Wednesday, April 30, 2008

R.I.P.: Humphrey Lyttelton

http://www.nytimes.com/2008/04/28/arts/music/28lyttelton.html?ref=obituaries

Humphrey Lyttelton, 86, Host of a BBC Radio Game Show, Dies
By THE ASSOCIATED PRESS
Published: April 28, 2008

Humphrey Lyttelton, a jazz trumpeter and broadcaster who was host of the surreal BBC Radio game show “I’m Sorry I Haven’t a Clue,” died here on Friday. He was 86.

The performer’s Web site, humphreylyttelton.com, said Mr. Lyttelton died at a London hospital after surgery. It did not give further details.

Born into a prominent British family and educated at the elite Eton College, Mr. Lyttelton was a jazz fanatic who taught himself to play the trumpet as a teenager. He became an accomplished musician — Louis Armstrong once called him Britain’s best trumpeter — and made a series of records for EMI with his Lyttelton Band.

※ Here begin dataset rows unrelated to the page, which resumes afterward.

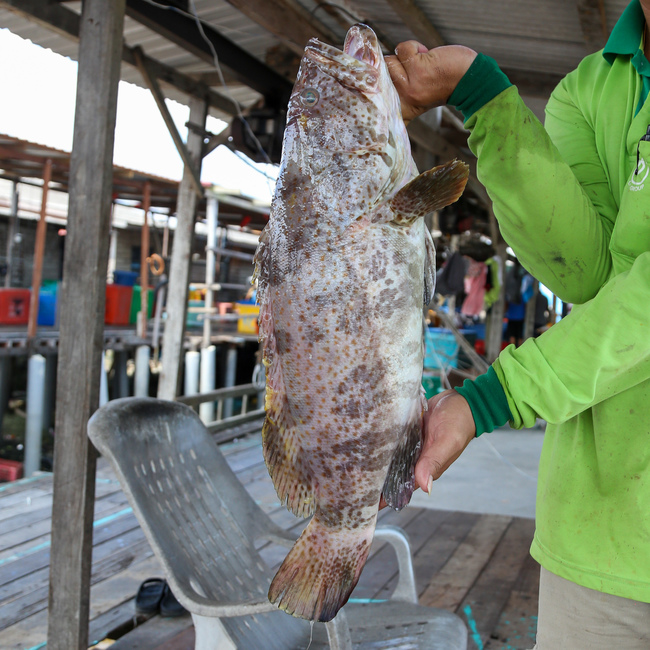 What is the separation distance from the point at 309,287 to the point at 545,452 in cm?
74

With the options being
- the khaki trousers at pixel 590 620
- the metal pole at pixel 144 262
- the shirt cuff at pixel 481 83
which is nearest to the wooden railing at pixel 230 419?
the metal pole at pixel 144 262

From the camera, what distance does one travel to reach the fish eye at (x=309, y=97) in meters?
1.23

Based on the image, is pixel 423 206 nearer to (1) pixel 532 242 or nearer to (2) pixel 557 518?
(1) pixel 532 242

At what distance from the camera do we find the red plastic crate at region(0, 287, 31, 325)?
12.1m

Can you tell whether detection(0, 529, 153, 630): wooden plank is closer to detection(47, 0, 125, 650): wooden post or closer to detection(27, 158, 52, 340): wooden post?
detection(47, 0, 125, 650): wooden post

He toured with the band well into his 80s and made a guest appearance on the Radiohead track “Life in a Glass House” in 2001. The jazz trumpeter Digby Fairweather told the BBC that Mr. Lyttelton “was, in the best possible way, a jazz machine.”

But for many he was best known as the host of “I’m Sorry I Haven’t a Clue,” a role he had filled since 1972. The program built up a passionate following with its mix of silliness, wordplay and innuendo.

Mr. Lyttelton was a master of ribald double-entendres — usually involving the show’s fictitious scorekeeper, “the lovely Samantha” — delivered in his deadpan, upper-class voice. He was also famous for his imaginative sign-offs, which would begin, for example, “As the delicate mayfly of time collides with the speeding windscreen of fate.”

His varied career included World War II service in the Grenadier Guards and a stint as a cartoonist for The Daily Mail. He also wrote books about music.